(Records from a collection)
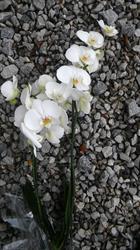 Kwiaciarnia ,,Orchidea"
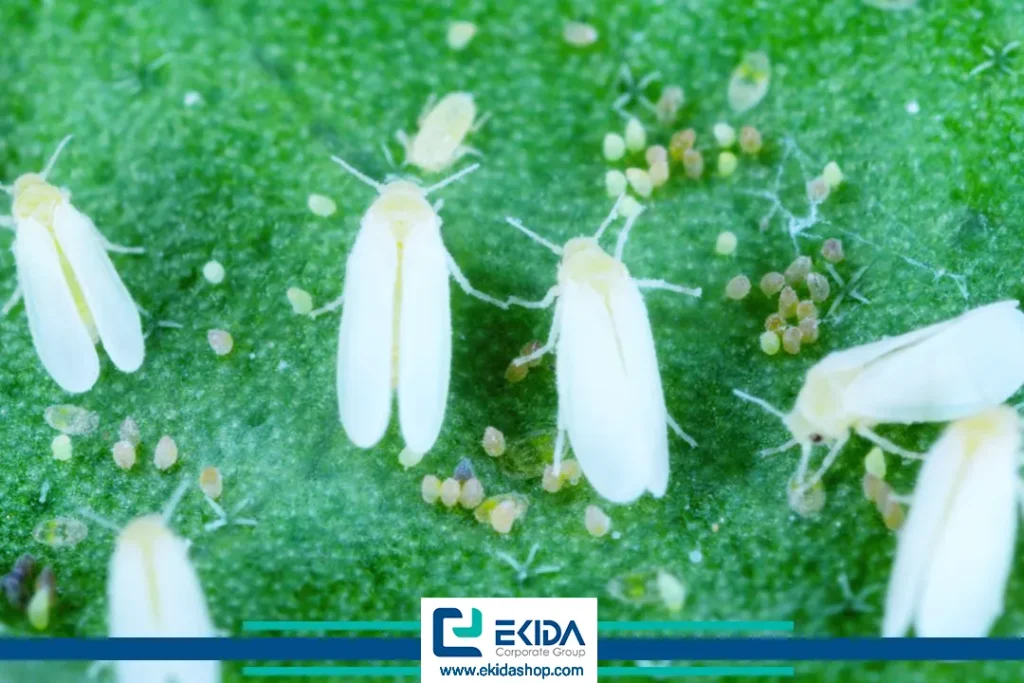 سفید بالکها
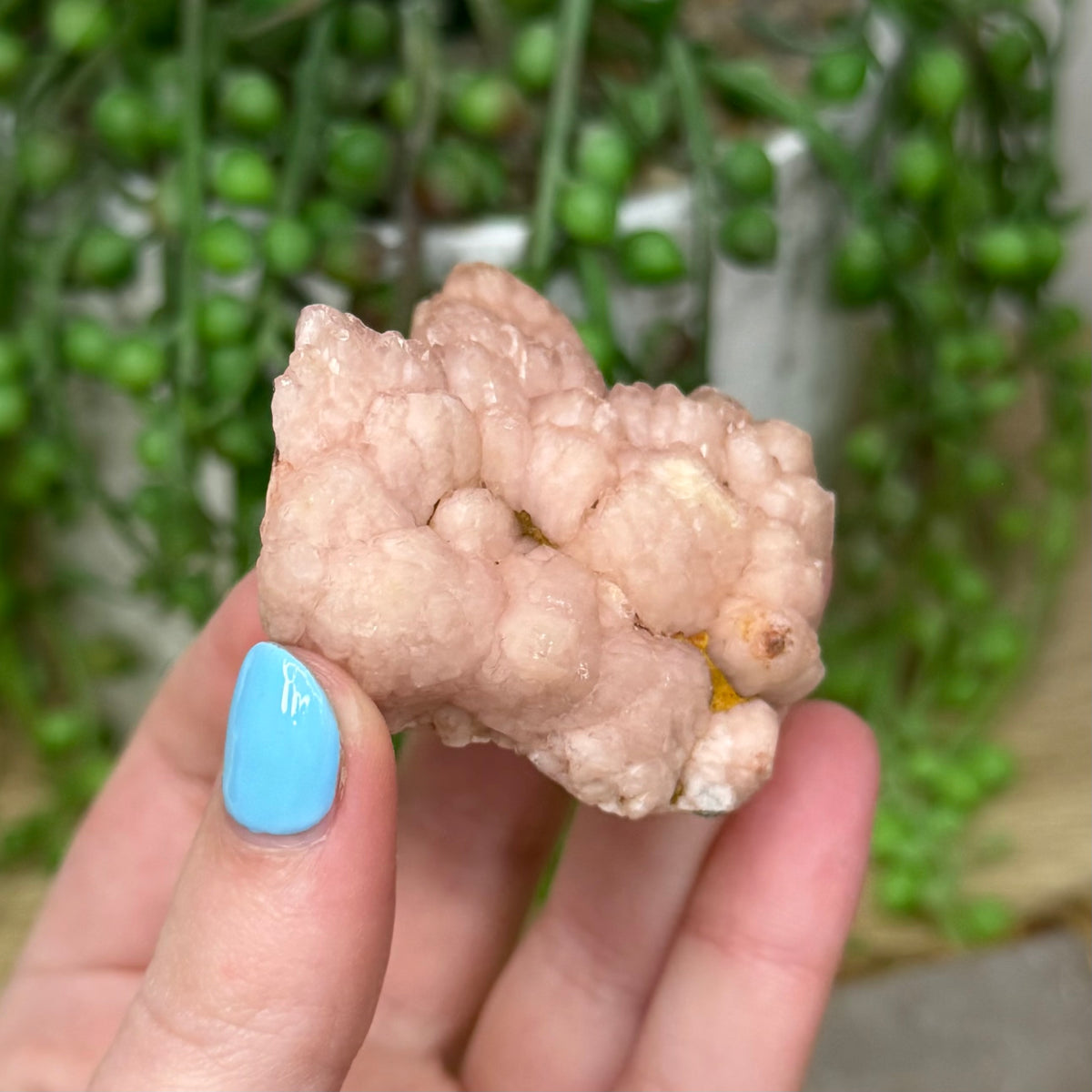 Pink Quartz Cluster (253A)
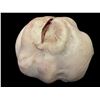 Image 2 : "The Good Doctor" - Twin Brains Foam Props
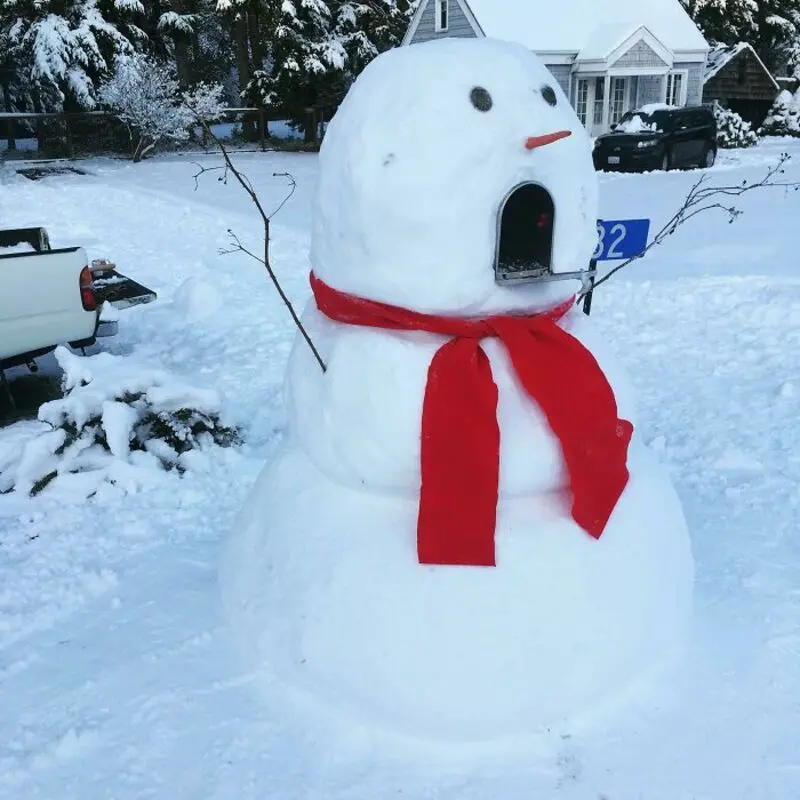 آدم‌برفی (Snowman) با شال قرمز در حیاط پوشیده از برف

• Exercise description:
Quote exactly, and only, the lines from the one containing "سفید بالکها" through the last line of the records above, both included; leave out any pictures.

• Answer for the task:
 سفید بالکها
 Pink Quartz Cluster (253A)
 Image 2 : "The Good Doctor" - Twin Brains Foam Props
 آدم‌برفی (Snowman) با شال قرمز در حیاط پوشیده از برف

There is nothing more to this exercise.